{forcats} demo by Allison Horst (Bren)

In this session, Allison did a few examples using functions in the {forcats} package to reorder, relevel and lump together factor levels!

The functions shown in examples were:

  • fct_reorder(): reorder factor levels by values of another variable
  • fct_relevel(): manually change factor levels
  • fct_infreq(): reorder factor levels by frequency of observations each level
  • fct_lump(): aggregate factor levels

Here are several examples, using the starwars dataset in dplyr. Have more fun with factors, by letting {forcats} help!

Making a simplified dataset for examples

Starting from starwars, I create a subset with the species variable recast as a factor, only keeping variables name, species, and height and removing any cases (rows) where either species or height is missing (NA):

# Attach the tidyverse
library(tidyverse)

# Check out starwars data
glimpse(starwars)
## Rows: 87
## Columns: 14
## $ name       <chr> "Luke Skywalker", "C-3PO", "R2-D2", "Darth Vader", "Leia O…
## $ height     <int> 172, 167, 96, 202, 150, 178, 165, 97, 183, 182, 188, 180, …
## $ mass       <dbl> 77.0, 75.0, 32.0, 136.0, 49.0, 120.0, 75.0, 32.0, 84.0, 77…
## $ hair_color <chr> "blond", NA, NA, "none", "brown", "brown, grey", "brown", …
## $ skin_color <chr> "fair", "gold", "white, blue", "white", "light", "light", …
## $ eye_color  <chr> "blue", "yellow", "red", "yellow", "brown", "blue", "blue"…
## $ birth_year <dbl> 19.0, 112.0, 33.0, 41.9, 19.0, 52.0, 47.0, NA, 24.0, 57.0,…
## $ sex        <chr> "male", "none", "none", "male", "female", "male", "female"…
## $ gender     <chr> "masculine", "masculine", "masculine", "masculine", "femin…
## $ homeworld  <chr> "Tatooine", "Tatooine", "Naboo", "Tatooine", "Alderaan", "…
## $ species    <chr> "Human", "Droid", "Droid", "Human", "Human", "Human", "Hum…
## $ films      <list> [<"The Empire Strikes Back", "Revenge of the Sith", "Retu…
## $ vehicles   <list> [<"Snowspeeder", "Imperial Speeder Bike">, <>, <>, <>, "I…
## $ starships  <list> [<"X-wing", "Imperial shuttle">, <>, <>, "TIE Advanced x1…
# Wrangling & simplifying
sw_fct <- starwars %>% 
  mutate(species = factor(species)) %>% 
  select(name, species, height) %>% 
  drop_na(species, height) 

# Check the class and levels of species variable
class(sw_fct$species)
## [1] "factor"
levels(sw_fct$species)
##  [1] "Aleena"         "Besalisk"       "Cerean"         "Chagrian"      
##  [5] "Clawdite"       "Droid"          "Dug"            "Ewok"          
##  [9] "Geonosian"      "Gungan"         "Human"          "Hutt"          
## [13] "Iktotchi"       "Kaleesh"        "Kaminoan"       "Kel Dor"       
## [17] "Mirialan"       "Mon Calamari"   "Muun"           "Nautolan"      
## [21] "Neimodian"      "Pau'an"         "Quermian"       "Rodian"        
## [25] "Skakoan"        "Sullustan"      "Tholothian"     "Togruta"       
## [29] "Toong"          "Toydarian"      "Trandoshan"     "Twi'lek"       
## [33] "Vulptereen"     "Wookiee"        "Xexto"          "Yoda's species"
## [37] "Zabrak"

We can see from the levels() output above that the default order of factor levels is alphabetical.
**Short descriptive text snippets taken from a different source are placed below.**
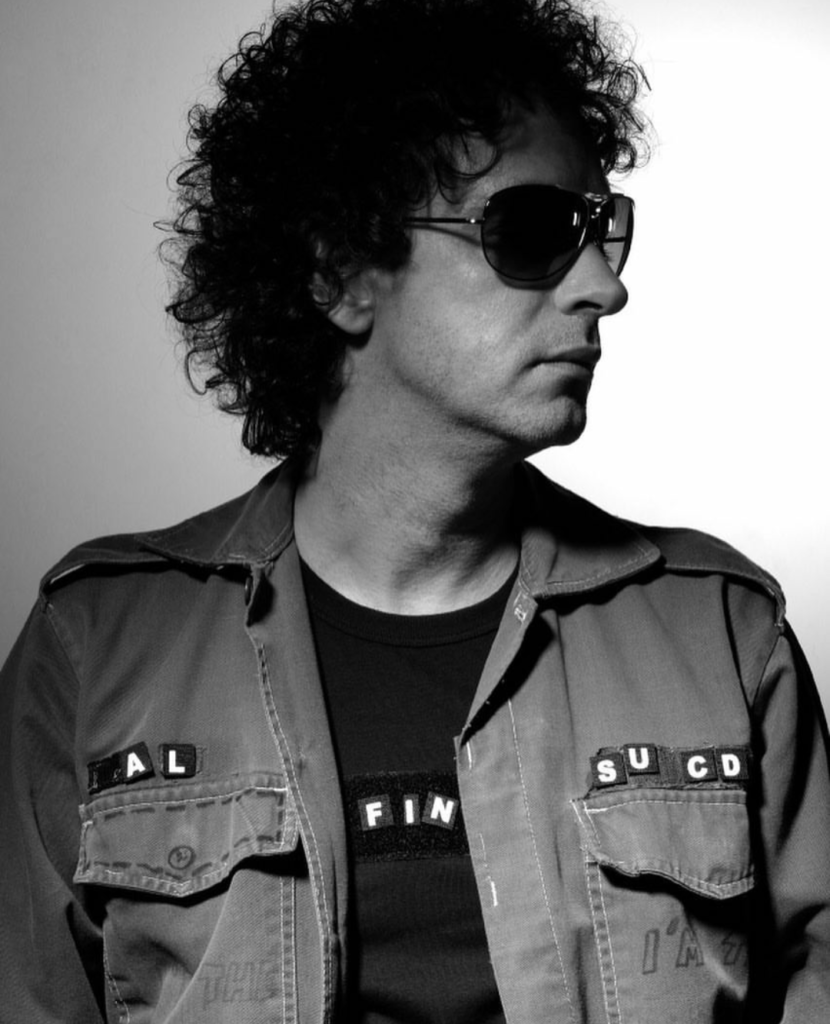 Gustavo Cerati Fotografía de Nora Lezano tomada de la cuenta de instagram de Cerati https://www.instagram.com/p/Bfr0lueDRAV/?hl=es-la&taken-by=cerati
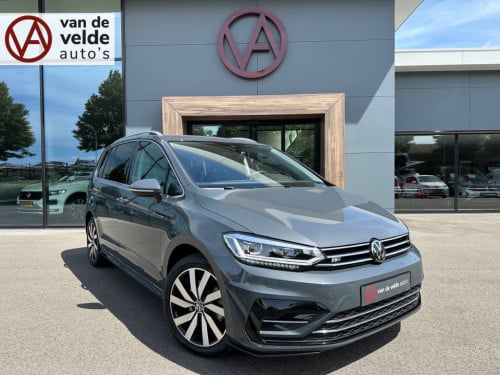 Volkswagen Touran 1.5 tsi 150pk dsg r-line highline | led | trekhaak | dode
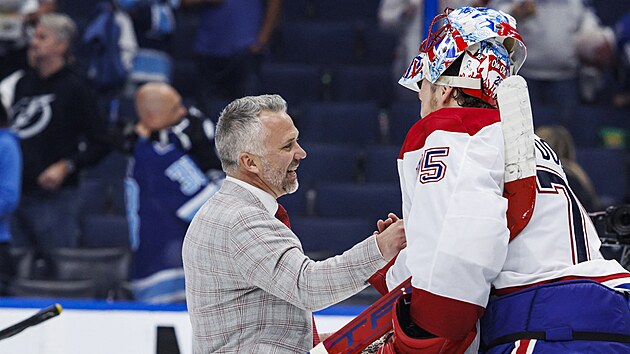 Jakub Dobe� z Montrealu a jeho tren�r Martin St. Louis slav� postup v r�mci play off.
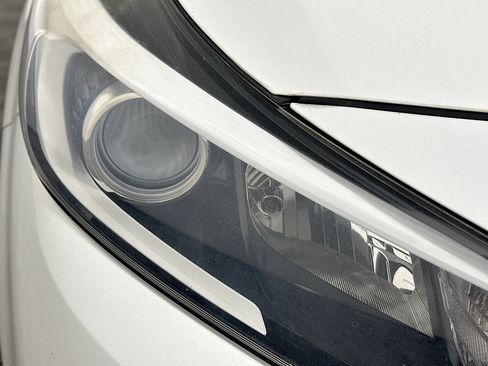 Used 2017 Kia Forte LX image 9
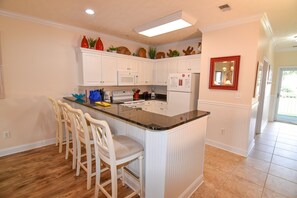 Private kitchen - Ocean Keyes. 3 bedroom 2 bath. Gated community. 2nd floor. Close walk to ocean. (North Myrtle Beach)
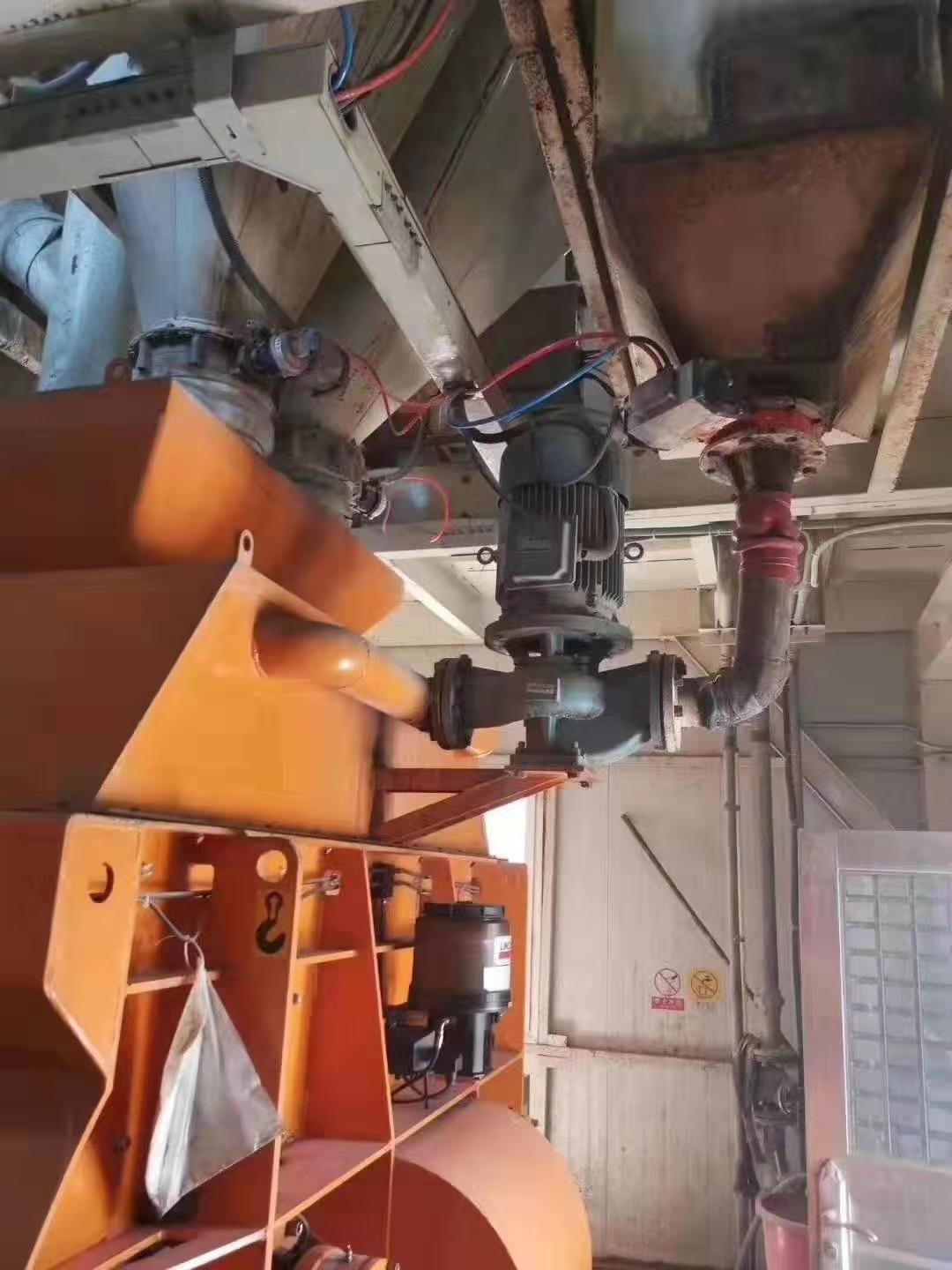 https://images.tongzsf.com/tong/truck_machine/20210127/1601127d66b44e.jpg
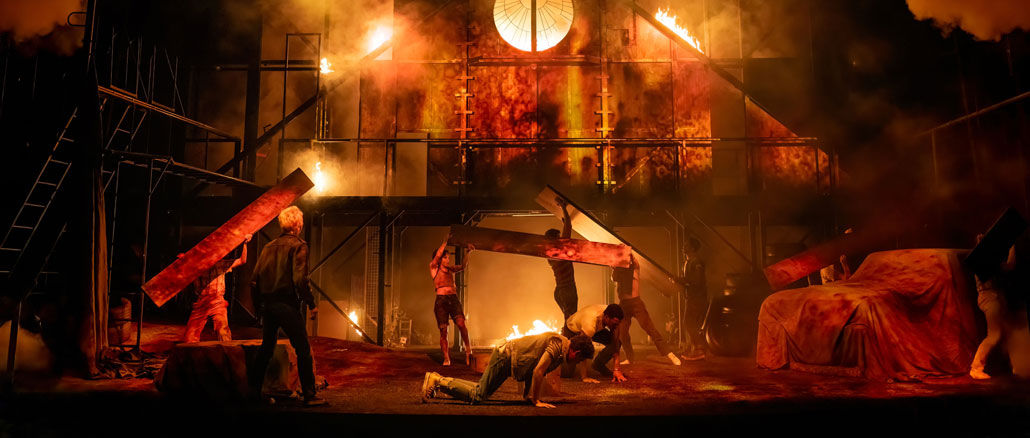 Сцена из спектакля “Изгои”. Фото - Мэтью Мерфи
But often we want factor levels to be ordered by frequency, or value, or some other manual specification.

Below are several ways to update factor levels.
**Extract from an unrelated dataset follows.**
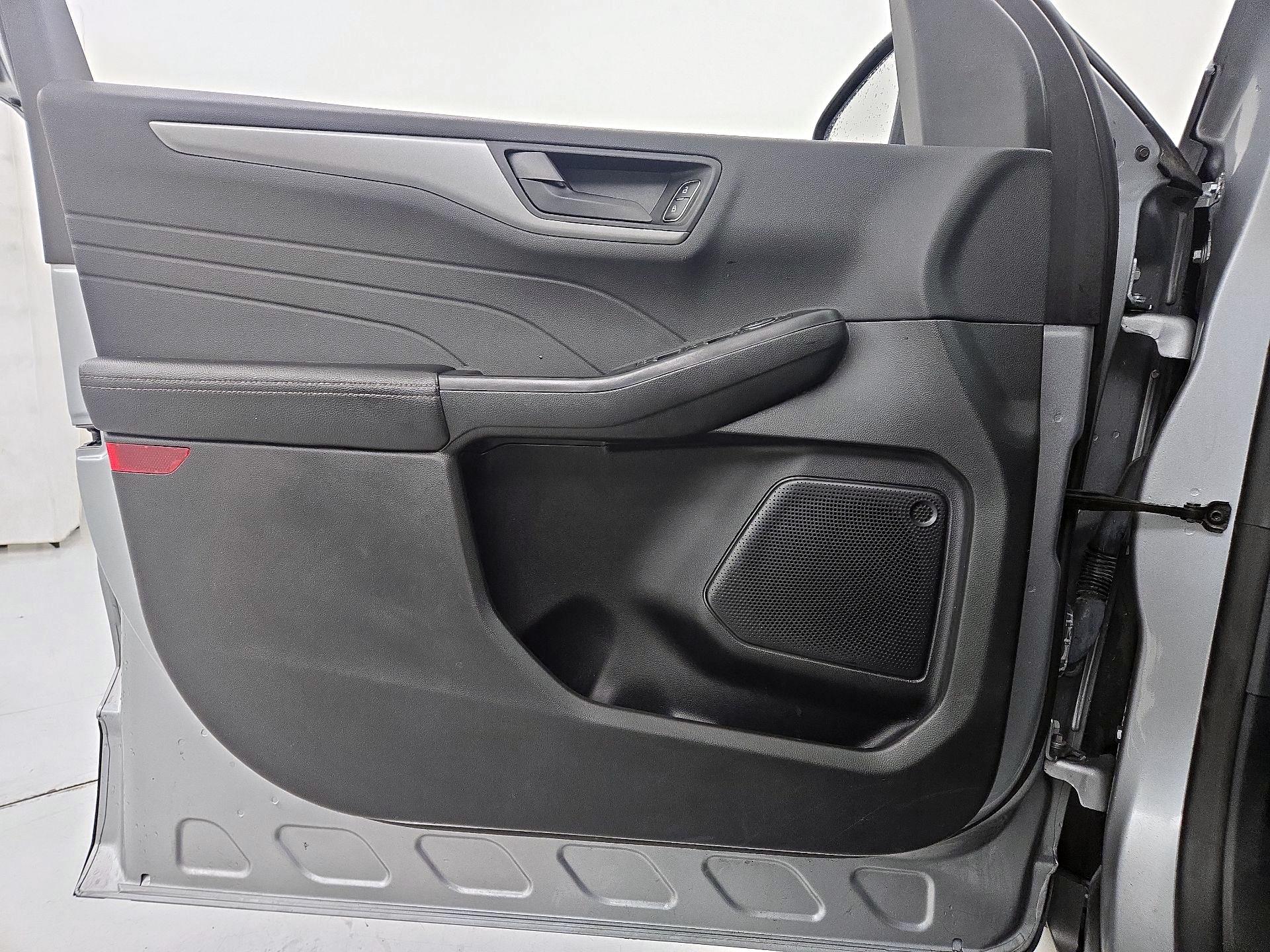 Thumbnail: 2023 Ford Escape - 12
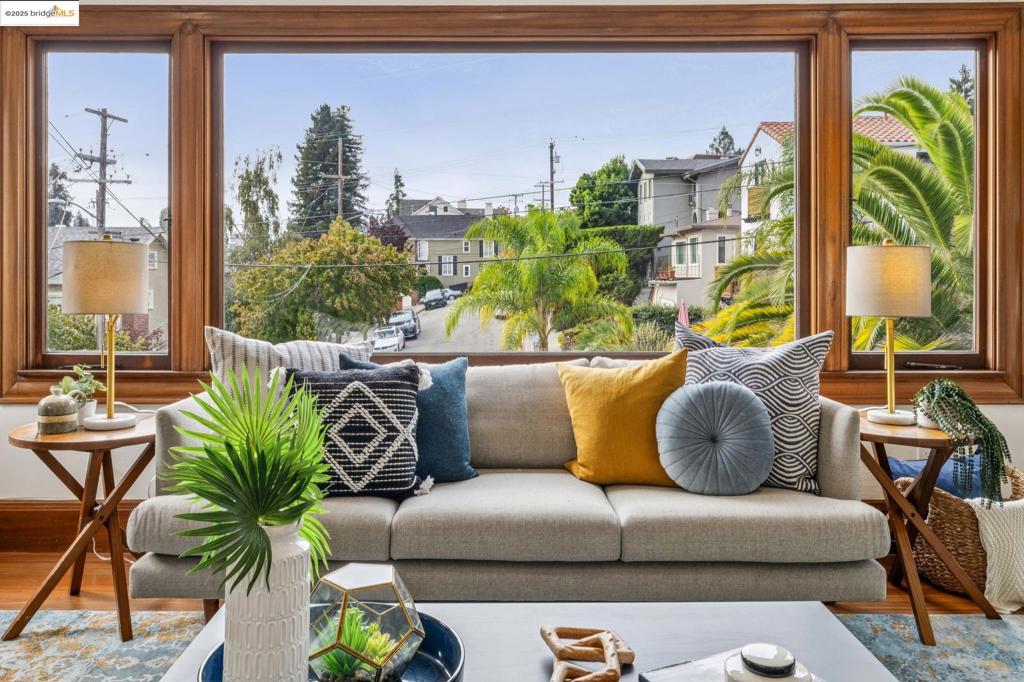 LAKESHORE - Residential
fct_reorder(): Reordering a factor by another variable

Example: I want to reorder species factor levels by the maximum value of height in each level.
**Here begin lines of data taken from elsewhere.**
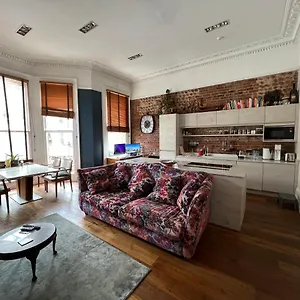  Apartment Spacious Sea View United Kingdom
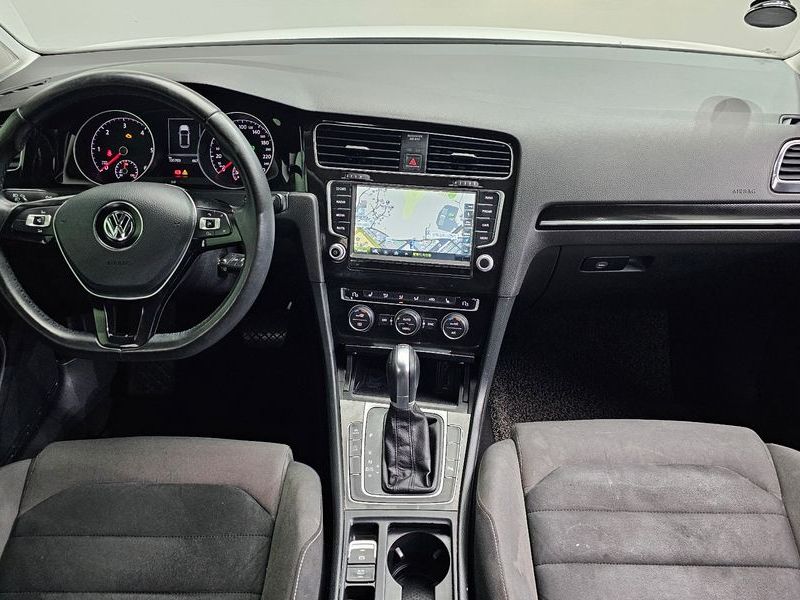 2016 Volkswagen Golf 2.0 TDI photo 7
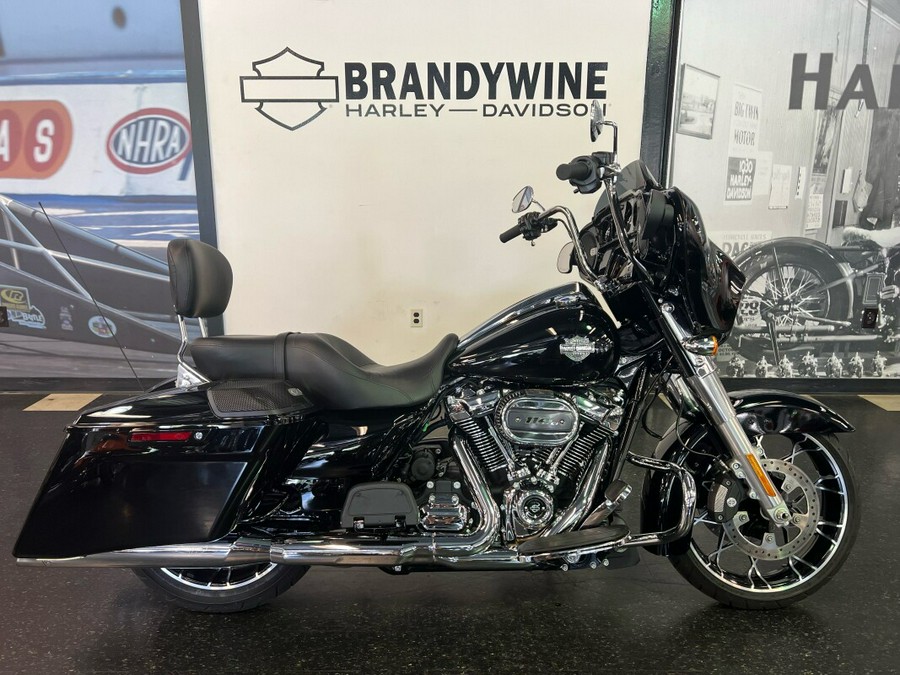 2022 Harley-Davidson Street Glide Special Vivid Black FLHXS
by_max_height <- sw_fct %>% 
  mutate(species = fct_reorder(species, height, max))

levels(by_max_height$species) # Ta-da.
##  [1] "Yoda's species" "Aleena"         "Ewok"           "Vulptereen"    
##  [5] "Dug"            "Xexto"          "Toydarian"      "Sullustan"     
##  [9] "Toong"          "Clawdite"       "Mirialan"       "Rodian"        
## [13] "Hutt"           "Zabrak"         "Togruta"        "Mon Calamari"  
## [17] "Twi'lek"        "Geonosian"      "Tholothian"     "Iktotchi"      
## [21] "Kel Dor"        "Trandoshan"     "Muun"           "Neimodian"     
## [25] "Skakoan"        "Chagrian"       "Nautolan"       "Besalisk"      
## [29] "Cerean"         "Droid"          "Human"          "Pau'an"        
## [33] "Kaleesh"        "Gungan"         "Kaminoan"       "Wookiee"       
## [37] "Quermian"
# Showing that this lines up with the order if we find the maximum height for each level: 
sw_fct %>% 
  group_by(species) %>% 
  summarize(max_height = max(height)) %>% 
  arrange(max_height)
## `summarise()` ungrouping output (override with `.groups` argument)
## # A tibble: 37 x 2
##    species        max_height
##    <fct>               <int>
##  1 Yoda's species         66
##  2 Aleena                 79
##  3 Ewok                   88
##  4 Vulptereen             94
##  5 Dug                   112
##  6 Xexto                 122
##  7 Toydarian             137
##  8 Sullustan             160
##  9 Toong                 163
## 10 Clawdite              168
## # … with 27 more rows

fct_relevel(): Reorder factor levels by hand

Sometimes (e.g. when updating a reference level for a model) we’ll want to manually set the order of factor levels. Use fct_relevel() to manually order levels. If you give the function a number of levels less than the total number of levels, all remaining are added in alphabetical order following the levels you’ve specified.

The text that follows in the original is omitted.